■ **WHAT THE TASK ASKS**:
Among the records below, find the line that has "Francia, elicottero si"; from there, give the lines again exactly, and stop after the line that has "Коттедж 340м², 3-этажный, участок 11 сот.".

■ **STUDY MATERIAL**:
..............................
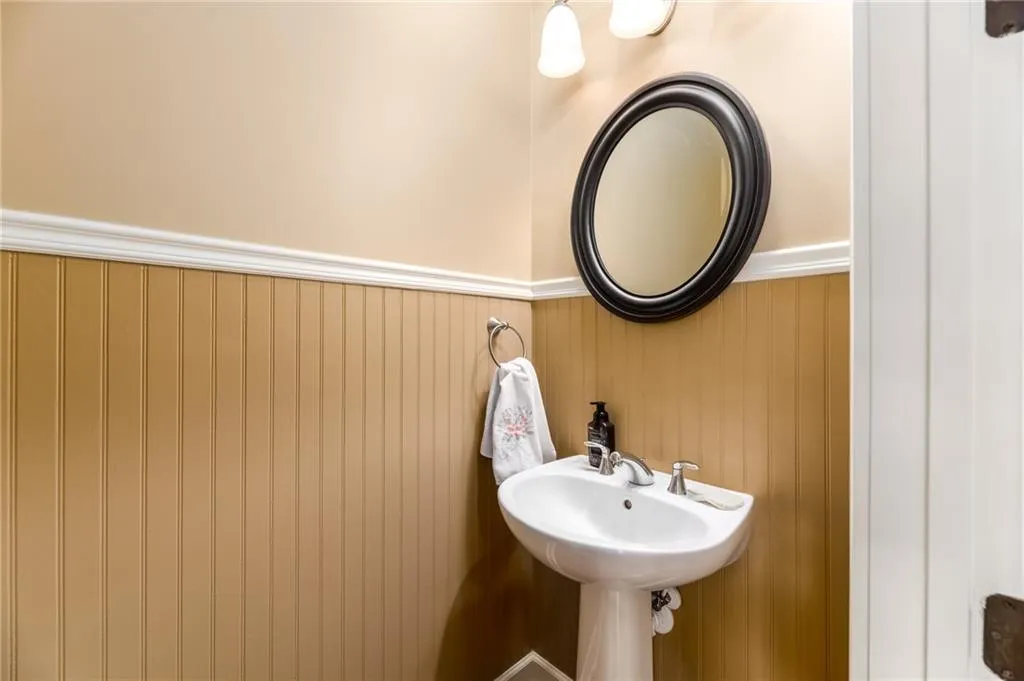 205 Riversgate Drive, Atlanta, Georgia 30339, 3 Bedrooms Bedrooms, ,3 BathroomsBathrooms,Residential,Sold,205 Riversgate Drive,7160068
..............................
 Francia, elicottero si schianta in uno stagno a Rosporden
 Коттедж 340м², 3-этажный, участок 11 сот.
..............................
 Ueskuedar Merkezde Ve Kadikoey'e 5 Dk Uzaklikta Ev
..............................
■ **WRITTEN RESPONSE**:
 Francia, elicottero si schianta in uno stagno a Rosporden
 Коттедж 340м², 3-этажный, участок 11 сот.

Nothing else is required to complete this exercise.